Powell (6'0", 235 pounds), who was run out of Westwood because of the Pistol offense, is a bruiser and leads Colorado in carries with 82 for 279 yards (3.4 YPC) and 2 TDs. Jones (5'7", 190) has added 44 carries for 175 yards (3.98 YPC) without scoring a touchdown.

This is a nice matchup for the Bruins. While Adkins could become one of the better RBs in the conference, UCLA has the experience, athleticism, speed and size up front to contain this running game.

Passing Game

Colorado recently underwent a change at the quarterback position, with junior Connor Wood losing his position in the first quarter against Arizona State to true freshman Sefo Liufau. Liufau has prototypical size at 6'4", 215 pounds and has been up and down through his brief time as the Buffs QB, throwing for 579 yards and 3 touchdowns with 3 interceptions. He's been fairly accurate at 62.8% (49-78) and has only been sacked once in his 3 games as starter. No matter who the QB is, there is one unchanging part of the Colorado offense and it should be very familiar to anyone who has followed UCLA football.
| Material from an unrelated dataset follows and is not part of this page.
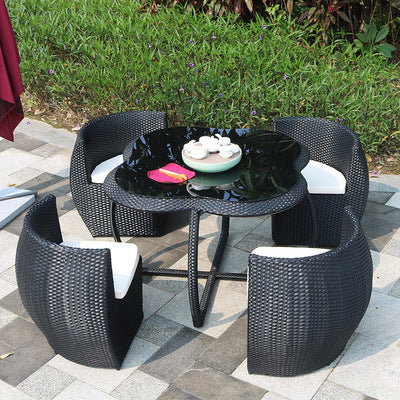 Outdoor Tables And Chairs Courtyard With Umbrella Outdoor Outdoor Balcony Tengbian Courtyard Garden Waterproof Tea Table Rattan Chair Combination Furniture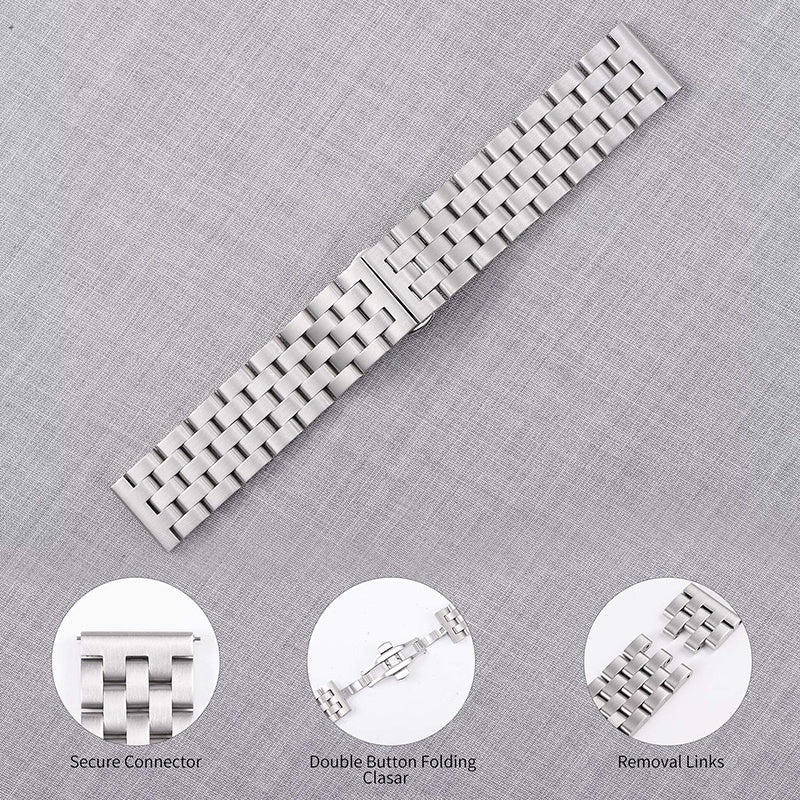 For Garmin Vivoactive 4S 45mm Stainless Steel Watch Strap 18mm 5 Beads Design Replacement Wrist Band For Garmin Vivoactive 4S 45mm Stainless Steel Watch Strap 18mm 5 Beads Design Replacement Wrist Band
Paul Richardson (6'1", 170, junior) has been arguably the best WR in the Pac-12 this season, catching 50 passes for 914 yards and 7 touchdowns. He's caught 15 passes that have gone for more than 20 yards and been one of few true deep threats in the conference. Richardson was one of the backpack/laptop thieves from CRN's last season as coach (along with Shaquille Richardson and Josh Shirley, both of whom are impact players from Arizona and Washington). Those three players all left UCLA to go to fellow Pac-12 schools and are showing why they were such big-time recruits. The Bruins could desperately use a deep threat of RIchardson's caliber, having a guy like that might have been enough to get past Stanford or Oregon.

Other than Richardson, the passing game has been much less impressive. Nelson Spruce (6'1", 205, sophomore) has caught 26 passes for 303 yards and 2 touchdowns. Tyler McCulloch is a huge target at 6'5", 210 and has caught 13 passes for 137 yards with one touchdown, keep an eye on the potential mismatch of Ishmael Adams on McCulloch because opponents with larger receivers have exploited Adams' size.

On the complete opposite end of the size spectrum, D.D. Goodson (12 passes for 203 yards and 2 TDs) comes in at just 5'6" and 170 pounds. He's a threat for a big play with a 75 yard reception on the year and 7 other 10+ yards plays.

The Buffaloes do not use their RBs or TEs very much in the passing game, so the linebacking core of the Bruins should be able to key the run and freely rush the passer. Would not be surprised for this to be UCLA's biggest sack day of the season for players not named Anthony Barr.